Michael Reeves (born November 20, 1997) is a Filipino-American Twitch streamer and YouTube personality known for his comedic engineering videos and eccentric on-camera persona. Michael previously worked as a software developer in Hawaii. His first video, "The Robot That Shines a Laser in Your Eye" posted in April 2017, went viral. He made his debut into Twitch streaming in June 2020, where he streams both video games and technology work.

After much speculation, he was officially announced as a member of OfflineTV in December 2019. In February 2020, fellow OfflineTV member LilyPichu confirmed that she and Reeves were in a relationship.

===Sydeon===
Sydney Parker (born June 11, 1997), also known as Sydeon, and previously as Neytiri before rebranding in November 2020, is an American Twitch streamer and cosplayer. She started streaming in January 2019 and acquired a degree in nursing before pursuing streaming full-time. She joined OfflineTV in November 2021. In 2022, she signed with The Society Management, which led to high-profile brand partnerships with companies like StockX .

===Masayoshi===
John Cable (born June 18, 1997), also known as Masayoshi, is an American Twitch streamer. He acquired his Twitch partnership in late 2019 and is well-known for his League of Legends and Valorant streams. He joined OfflineTV in November 2021 with his partner and fellow OfflineTV member QuarterJade. Throughout the year of 2024 and 2025, He launched "Masayoshi Games," a recurring Minecraft Rivals event that became a staple of his channel.

===QuarterJade===
Jodi Lee (born August 25, 1997), also known as QuarterJade, is an American streamer, streaming on Twitch since October 2017. She joined OfflineTV in November 2021. She is in a relationship with fellow OfflineTV member Masayoshi.

===Brodin Plett===
Brodin Plett (born March 18, 1994), also known as Brofain, is an American director, producer, who has been streaming on Twitch since November 2016. Plett previously worked as a cinematographer and editor for Yahoo! Esports. He joined OfflineTV in 2020 and would later be credited the role as the "Creative Director" of the group. He is one half of the musical duo templuv. He, alongside Julian Conner, his partner in templuv, and 347aidan, notably produced the song Last Shot, the official theme song for the 2025 Valorant Champions tournament in Paris, with all three artists performing the song during the opening ceremony for the grand finals at the Accor Arena.

== Former members ==

Nickname: Joined; Former role(s); Departed; Refs.
Pokimane: 2017; Co-founder, Personality; 2023
Chris Chan: Management, Co-founder; 2018
Pecca: Management, Personality
BasedYoona: Personality
PokeLawls: Personality
TheeMarkZ: Production, Personality; 2019
Xell
Fedmyster: Production, Personality, Former editor; 2020
EdisonParkLive: Management, Personality; 2019
SleightlyMusical: Production, Personality
Seanic: 2018; Production, Podcast Manager

===Fedmyster===

Federico Michael Gaytan, more often known as Fedmyster, is an American former Twitch streamer and YouTube personality, who is known for his IRL streams. Prior to becoming a streamer, Gaytan was a video editor and was invited to join the group as an editor in June 2017. On July 8, 2017, Gaytan published his first YouTube video with OfflineTV, where he was formally introduced as the group's editor. Afterward, Gaytan went on to make many videos with OfflineTV, garnering millions of views for the channel. Gaytan grew popular among the OfflineTV fanbase and in January 2018 started streaming and was soon officially named as part of OfflineTV talent.

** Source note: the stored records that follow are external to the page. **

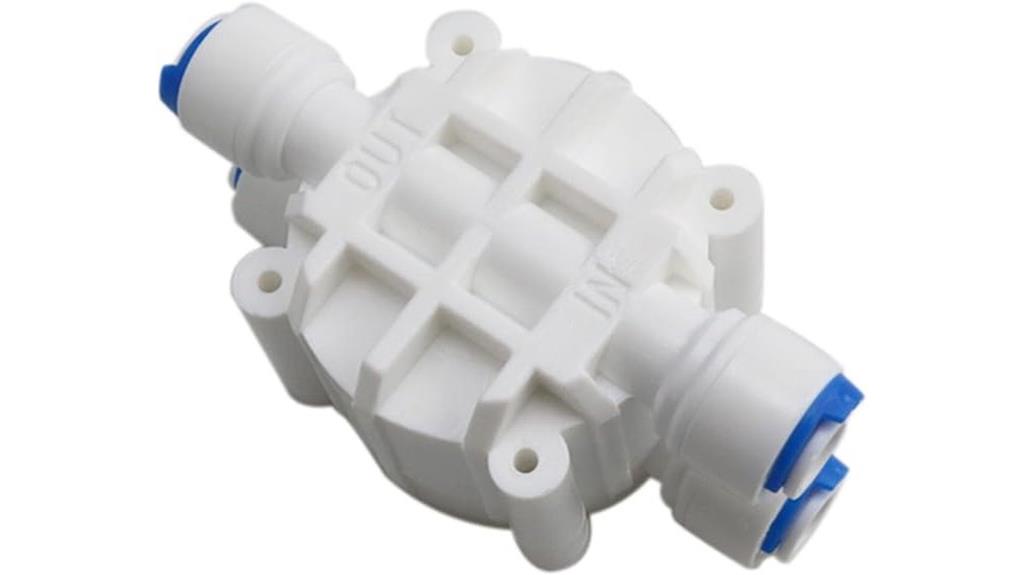 four way auto shut off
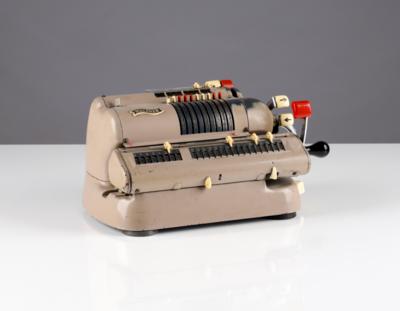 Rechenmaschine, Fa. Walther, um 1956/68 - Arte e antiquariato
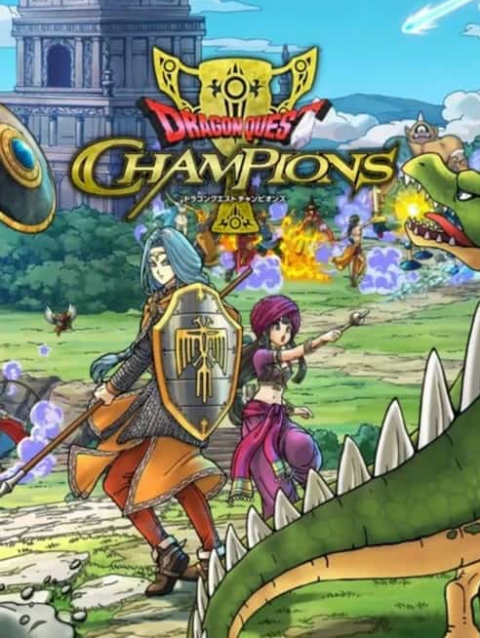 Dragon Quest Champions sur Android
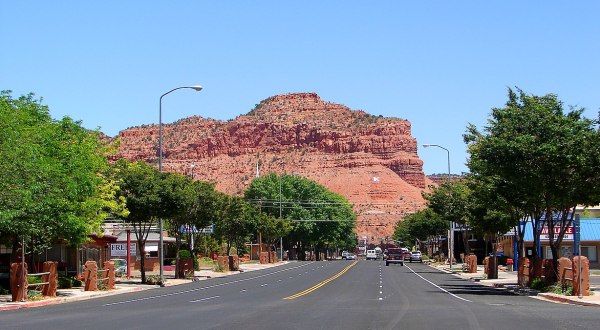 Kanab Might Just Be The Best Winter Destination In Utah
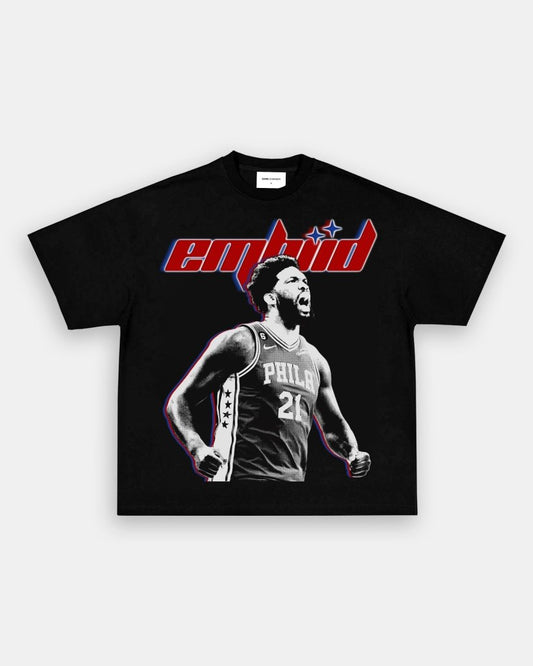 Y2K EMBIID TEE - VIP - GAME CHANGERS TEE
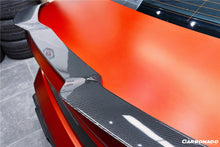 Load image into Gallery viewer, 2021-UP BMW M3 G80 G20 VRS Style Carbon Fiber Trunk Spoiler - Carbonado Aero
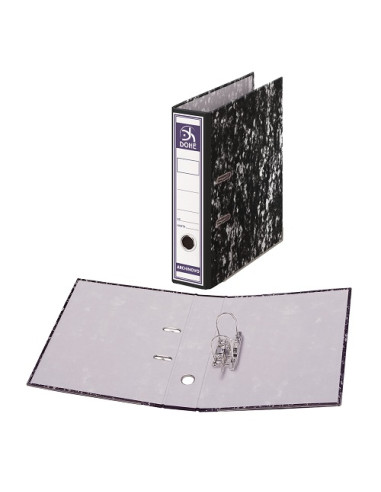 ARCHIVADOR DOHE A4 LOMO ANCHO RADO...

On June 27, 2020, fellow OfflineTV members Yvonne "Yvonnie" Ng and Lily "LilyPichu" Ki came forward with sexual misconduct allegations involving Gaytan. Ng stated that on two separate instances, Gaytan would enter her room intoxicated and uninvited, lay down on her bed, and begin inappropriately touching her. Ki also stated that he would enter her room uninvited and make inappropriate advances on her. Gaytan was removed from the group following the allegations, and in the week following his removal, over six members of the OfflineTV friend circle came out with their own stories of his inappropriate or manipulative behavior.

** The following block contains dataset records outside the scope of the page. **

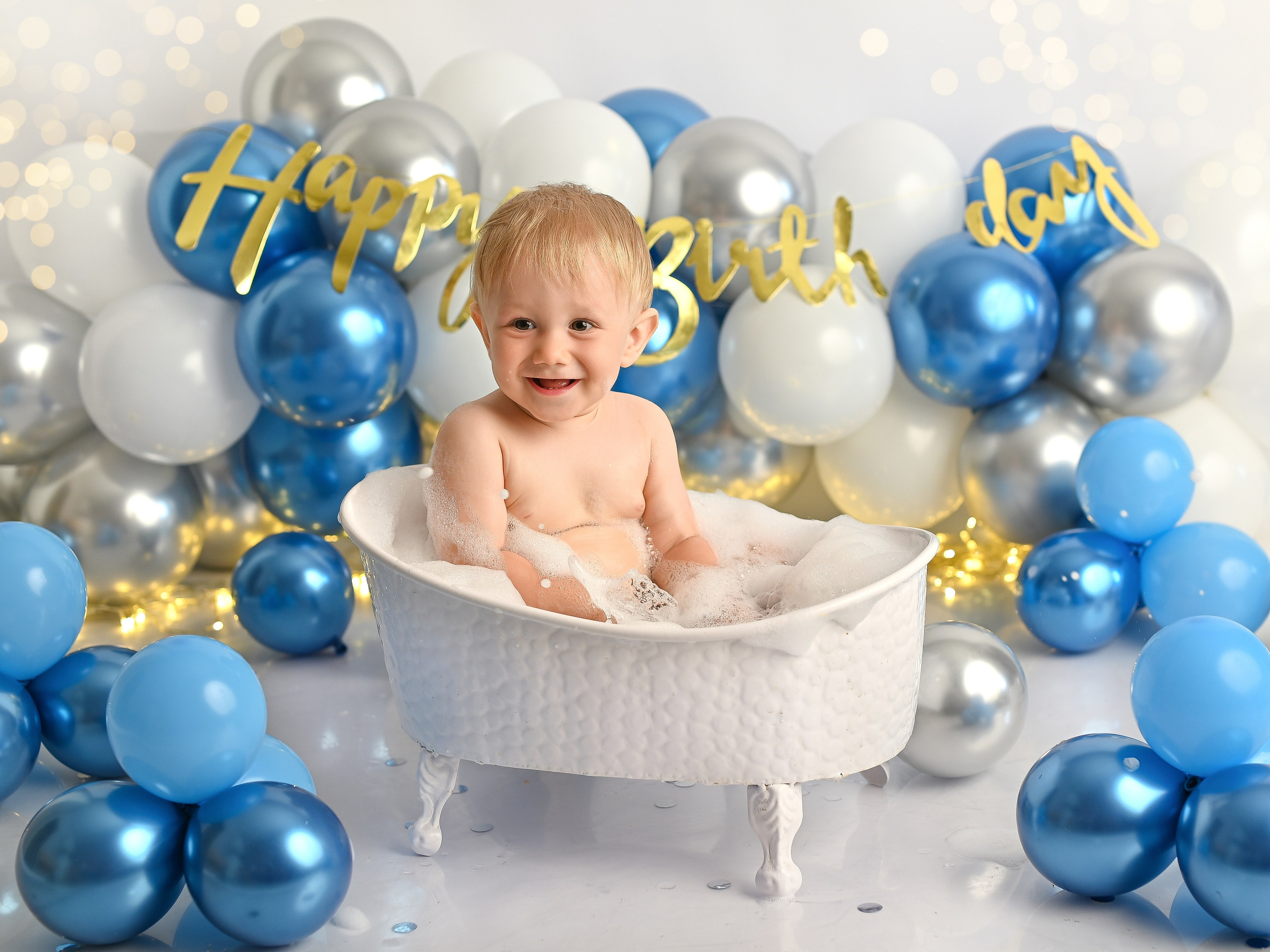 Годики. Фотограф новорождённых малышей в Краснодаре Татьяна Нагорная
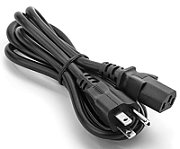 2M EU MAINS AC LEAD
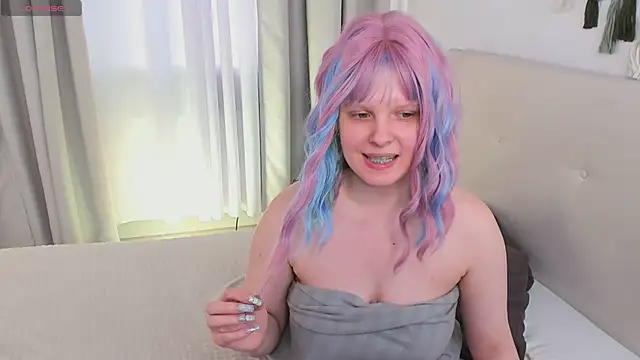 Stacy_Starr Adlı Modelin Web Kamerası Şovu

On November 24, 2020, a 25-page statement by Gaytan titled "my truth" was leaked, which alleged that much of the situation was exaggerated to form a false narrative against him. Imane "Pokimane" Anys addressed the leaked document on stream the next day, conveying the situation from her point of view, but stressing that neither had ill will for the other. Gaytan later responded to the leak by stating that the statement was made months ago and that although they disagreed on some aspects, they eventually decided to keep it hidden and move on. He also noted that the statement being leaked was unintentional and undesired for both of them.

In June 2021, Gaytan uploaded a video to his YouTube channel announcing his return to content creation. Since his announcement and return, Gaytan has periodically streamed on his Twitch channel and uploaded three additional YouTube videos.

===Albert Chang===
Albert Chang (born November 15, 1991), known as sleightlymusical, is a Twitch streamer, YouTuber, musician, and magician Chang's streams included instrumental music covers, magic tricks, IRL streams, and where he played League of Legends

On November 3, 2017, Chang performed violin live at the opening ceremony of the 2017 League of Legends World Championship finals.

During his time with OfflineTV, Chang worked both in production and as an active personality. Chang also became romantically connected to fellow OfflineTV member LilyPichu while they were both in Offline TV.

In November 2019, while on a trip to Japan multiple OfflineTV members began tweeting cryptic messages that went viral on the subreddit LiveStreamFails. It was later revealed that Chang had been unfaithful to LilyPichu with another streamer Sarah Lee (avocadopeeled), keeping their communications secret using Google Docs.

Following the incident, multiple OfflineTV members apologized for their social media statements, and Chang made a statement on his Twitter saying: "I’ll be taking an indefinite hiatus from content creation to reflect and spend some time alone. I'm sorry for the people I've hurt in all of our communities, I'm sorry for the friends I let down at Offline.TV, and most of all I'm sorry for hurting you, Lily."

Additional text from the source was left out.